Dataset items
((

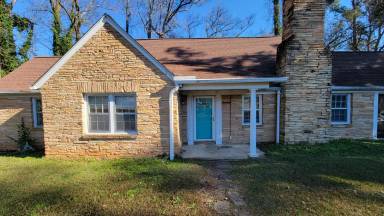 Main picture of 2363 Redwood Dr
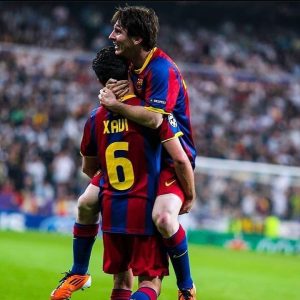 Xavi Hernández Instagram - Moltíssimes Felicitats Leo!! Tot un honor que siguis tu el que iguali aquest récord. Enhorabona amic. 😘♥️🔝⚽️
___

Muchísimas felicidades Leo!! Todo un honor que seas tú el que iguale este récord. Enhorabuena amigo. 😘 ♥️🔝⚽️
___

Congratulations Leo!! It’s an honor that you match this record. 😘 ♥️🔝⚽️

#Messi767 @leomessi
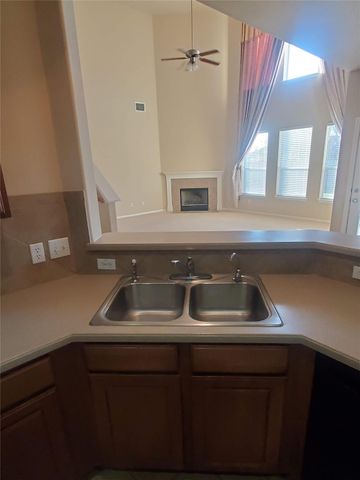 501 Dinge Bay DR, Round Rock, TX 78664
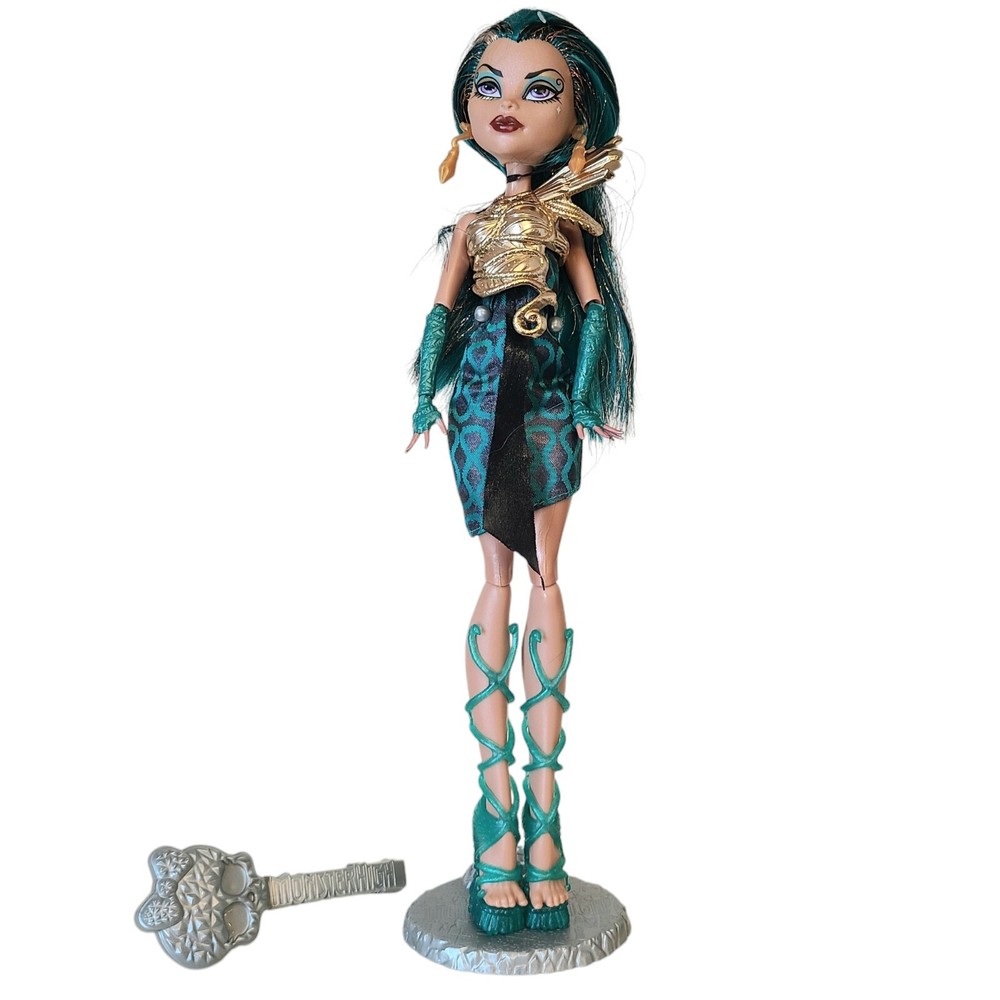 Monster High Boo York Nefera De Nile Doll Mattel 2011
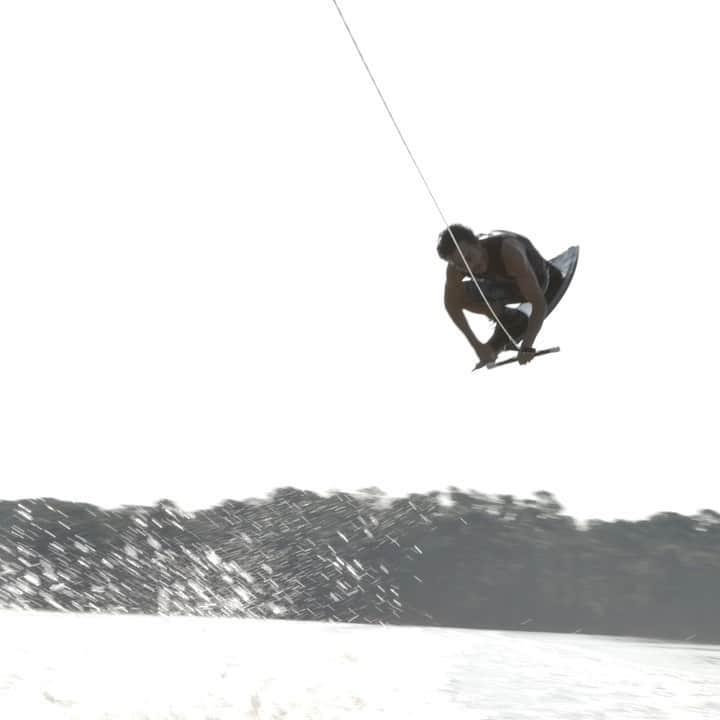 手塚翔太のインスタグラム：「When you having fun morning butter cruising no edit needed🤤☀️ 📹: @agarabaghi」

))

Problem description: Please retype the entries above word for word, but only from the line containing "501 Dinge Bay DR, Round Rock, TX 78664" through the last line, and without the pictures.

Your solution:
 501 Dinge Bay DR, Round Rock, TX 78664
 Monster High Boo York Nefera De Nile Doll Mattel 2011
 手塚翔太のインスタグラム：「When you having fun morning butter cruising no edit needed🤤☀️ 📹: @agarabaghi」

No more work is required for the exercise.